Sokak siyaseti ve mücadeleyi büyütme hedefi
Mücadelenin ise kaçınılmaz olduğunun altını çizen Çiğdem, “Bütün kadınlara çağrımızdır. Bizler kimliklerimizle, inançlarımızla, dillerimizle, emeklerimizle ve tüm farklılıklarımızla birlikte kadın dayanışmasını büyüteceğiz” diye konuştu. Sokak siyasetinin daha da güçlendirileceğine vurgu yapan Çiğdem, “25 Kasım’larda, 8 Mart’larda sokaklardayız. Her türlü kitlesel eylemin temel parçası ve örgütçüsüyüz. Kadınların en güçlü dinamik olduğunu biliyoruz. Sokak ile evin içine, toplumsal role hapsolmuş, şiddete uğrayan kadın arasındaki ilişkide sorun yaşıyoruz. Bunu çözecek çözümlere ihtiyacımız var. Sokak siyasetini ev içine hapsedilmiş kadınlara ulaştırabildiğimiz zaman değişim mümkün hale gelecek” cümlelerini kullandı.
Mücadele büyütülecek, tecrit kaldırılacak!

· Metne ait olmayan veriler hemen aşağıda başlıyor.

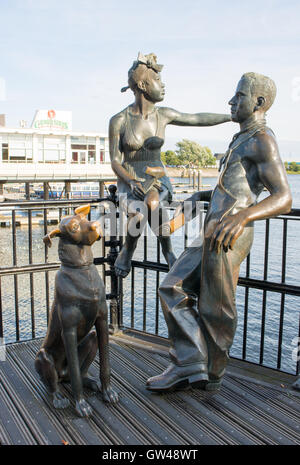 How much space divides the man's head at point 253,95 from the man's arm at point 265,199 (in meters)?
0.22

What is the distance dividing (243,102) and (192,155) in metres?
99.9

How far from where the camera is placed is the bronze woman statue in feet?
13.0

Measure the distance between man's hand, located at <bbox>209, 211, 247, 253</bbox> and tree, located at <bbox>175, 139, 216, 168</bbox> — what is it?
98980 mm

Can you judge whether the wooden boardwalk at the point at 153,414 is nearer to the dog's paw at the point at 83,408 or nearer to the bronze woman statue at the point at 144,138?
the dog's paw at the point at 83,408

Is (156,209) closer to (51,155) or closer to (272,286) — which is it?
(272,286)

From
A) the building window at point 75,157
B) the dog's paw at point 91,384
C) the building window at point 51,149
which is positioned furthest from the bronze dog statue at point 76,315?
the building window at point 75,157

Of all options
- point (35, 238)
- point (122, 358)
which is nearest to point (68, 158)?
point (35, 238)

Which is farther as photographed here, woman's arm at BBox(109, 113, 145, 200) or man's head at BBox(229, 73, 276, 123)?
woman's arm at BBox(109, 113, 145, 200)

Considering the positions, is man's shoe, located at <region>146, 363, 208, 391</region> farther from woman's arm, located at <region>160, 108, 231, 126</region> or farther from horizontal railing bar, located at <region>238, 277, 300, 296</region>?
woman's arm, located at <region>160, 108, 231, 126</region>

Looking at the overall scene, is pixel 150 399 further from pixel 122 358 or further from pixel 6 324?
pixel 6 324

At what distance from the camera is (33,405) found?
10.8 feet

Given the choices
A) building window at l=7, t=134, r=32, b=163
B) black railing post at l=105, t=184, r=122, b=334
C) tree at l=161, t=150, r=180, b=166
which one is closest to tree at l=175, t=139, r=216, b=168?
tree at l=161, t=150, r=180, b=166

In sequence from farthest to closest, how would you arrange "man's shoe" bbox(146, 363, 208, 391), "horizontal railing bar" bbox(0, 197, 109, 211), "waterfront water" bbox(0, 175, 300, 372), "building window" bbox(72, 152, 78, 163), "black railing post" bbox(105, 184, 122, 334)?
"building window" bbox(72, 152, 78, 163)
"waterfront water" bbox(0, 175, 300, 372)
"black railing post" bbox(105, 184, 122, 334)
"horizontal railing bar" bbox(0, 197, 109, 211)
"man's shoe" bbox(146, 363, 208, 391)

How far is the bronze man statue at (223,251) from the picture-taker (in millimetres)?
3062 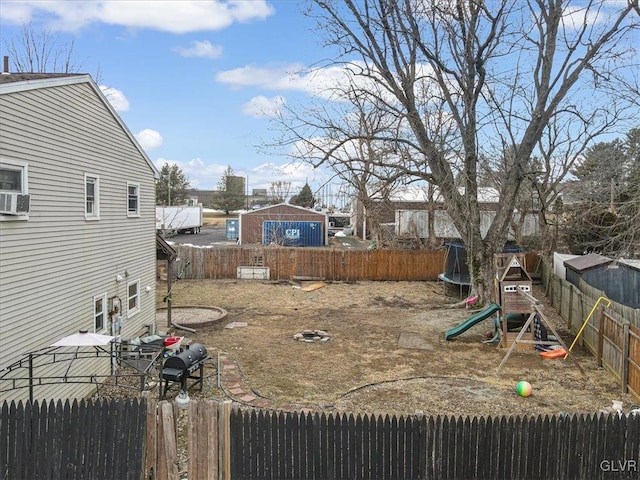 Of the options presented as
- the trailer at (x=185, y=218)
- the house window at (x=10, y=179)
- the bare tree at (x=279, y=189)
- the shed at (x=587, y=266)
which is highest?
the bare tree at (x=279, y=189)

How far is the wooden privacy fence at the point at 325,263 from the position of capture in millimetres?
25281

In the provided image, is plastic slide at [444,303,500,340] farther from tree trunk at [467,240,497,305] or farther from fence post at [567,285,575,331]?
tree trunk at [467,240,497,305]

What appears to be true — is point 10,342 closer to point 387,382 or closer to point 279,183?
point 387,382

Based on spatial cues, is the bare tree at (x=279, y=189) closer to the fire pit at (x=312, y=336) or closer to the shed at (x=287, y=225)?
the shed at (x=287, y=225)

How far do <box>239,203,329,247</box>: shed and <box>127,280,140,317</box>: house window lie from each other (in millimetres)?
25432

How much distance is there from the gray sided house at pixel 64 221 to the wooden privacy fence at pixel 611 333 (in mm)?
10329

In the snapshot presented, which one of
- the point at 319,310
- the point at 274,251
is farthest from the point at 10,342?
the point at 274,251

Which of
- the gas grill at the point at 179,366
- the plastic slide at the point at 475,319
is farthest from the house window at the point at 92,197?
the plastic slide at the point at 475,319

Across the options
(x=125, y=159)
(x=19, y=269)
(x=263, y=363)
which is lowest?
(x=263, y=363)

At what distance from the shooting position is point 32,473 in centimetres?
534

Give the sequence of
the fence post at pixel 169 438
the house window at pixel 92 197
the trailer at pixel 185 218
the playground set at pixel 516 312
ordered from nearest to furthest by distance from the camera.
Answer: the fence post at pixel 169 438 < the house window at pixel 92 197 < the playground set at pixel 516 312 < the trailer at pixel 185 218

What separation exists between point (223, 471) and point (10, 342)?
4345mm

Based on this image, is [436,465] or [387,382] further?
[387,382]

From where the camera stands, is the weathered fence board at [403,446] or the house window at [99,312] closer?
the weathered fence board at [403,446] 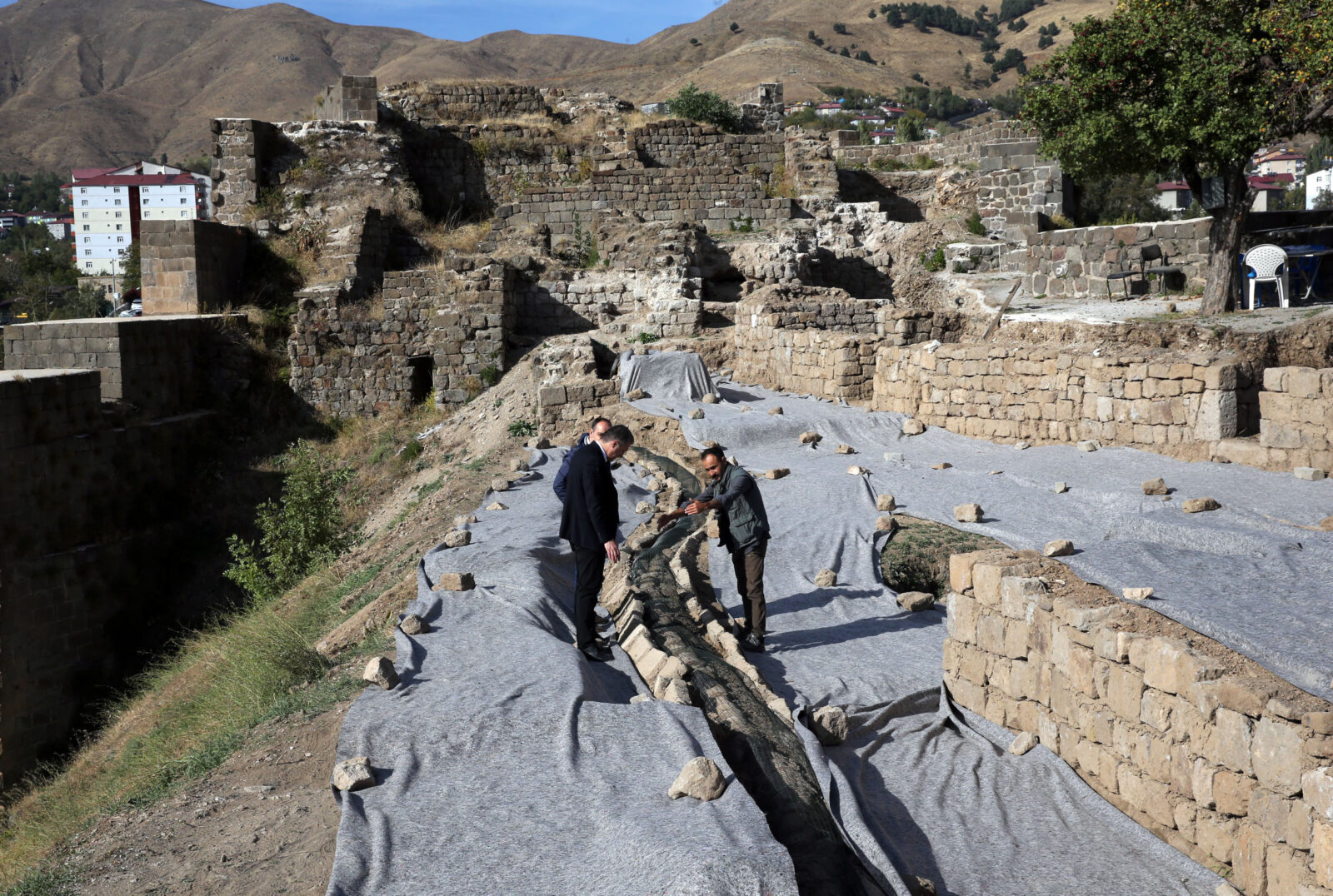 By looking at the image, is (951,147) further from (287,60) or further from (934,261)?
(287,60)

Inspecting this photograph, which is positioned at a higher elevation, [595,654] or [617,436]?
[617,436]

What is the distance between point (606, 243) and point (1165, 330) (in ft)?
35.2

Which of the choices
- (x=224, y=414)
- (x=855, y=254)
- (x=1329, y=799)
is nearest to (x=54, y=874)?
(x=1329, y=799)

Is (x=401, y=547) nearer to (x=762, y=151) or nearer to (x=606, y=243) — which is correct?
(x=606, y=243)

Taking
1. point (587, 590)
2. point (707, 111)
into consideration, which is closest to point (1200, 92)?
point (587, 590)

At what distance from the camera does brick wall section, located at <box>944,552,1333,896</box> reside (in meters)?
3.81

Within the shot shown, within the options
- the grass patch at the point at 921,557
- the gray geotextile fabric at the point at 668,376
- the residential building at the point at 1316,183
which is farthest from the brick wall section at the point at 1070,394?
the residential building at the point at 1316,183

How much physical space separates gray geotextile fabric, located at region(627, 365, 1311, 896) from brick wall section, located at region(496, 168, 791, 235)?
1148cm

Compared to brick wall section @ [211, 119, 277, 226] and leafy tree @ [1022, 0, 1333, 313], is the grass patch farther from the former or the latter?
brick wall section @ [211, 119, 277, 226]

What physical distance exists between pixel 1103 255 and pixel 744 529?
1308 cm

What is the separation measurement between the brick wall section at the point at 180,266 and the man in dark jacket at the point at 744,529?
14.3 metres

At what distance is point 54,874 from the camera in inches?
170

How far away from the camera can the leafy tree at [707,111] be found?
2669cm

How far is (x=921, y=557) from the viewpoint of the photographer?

27 ayı aşkın süredir hiçbir haber alınamayan PKK Lideri Abdullah Öcalan’a 24 yıldır uygulanan ağırlaştırılmış tecrit politikasının en büyük etkilerini kadınların yaşadığını ele alan Çiğdem, “En çok istediğimiz şey tecrit altında tutulan yoldaşlarımızın özgürleşmesi. İktidara karşı güçlü mücadele yürütmüş kadrolarımız, barış sürecinin liderliğini yapan Sayın Öcalan’ın sözünün halklara ulaşmasını engellemek için tecrit siyaseti ve intikam siyaseti iç içe geçti. Hapishanelerin kapılarını açamamış, tecridi kaldıramamış olmak bizim için en üzücü şey. Tecridi kaldıramazsak özgürleşmek ve demokratik cumhuriyet hedefine ulaşmamız mümkün değil. Bundan dolayı seçim beyannamemiz ardından sonuç bildirgemizde de Sayın Öcalan’a yönelik tecridin kaldırılmasına ilişkin taleplerimiz devam ediyor. Hedef, kadın özgürlük mücadelesinin büyütülmesi ve tecridin kaldırılması. Türkiye'nin demokratikleşmesi meselesinin Kürt sorununun çözümünden, barış sürecinden ve Abdullah Öcalan üzerindeki tecridin kaldırılmasından geçtiğini biliyoruz. Bunu başaracak olan da kadınlar” vurgusunu yaptı.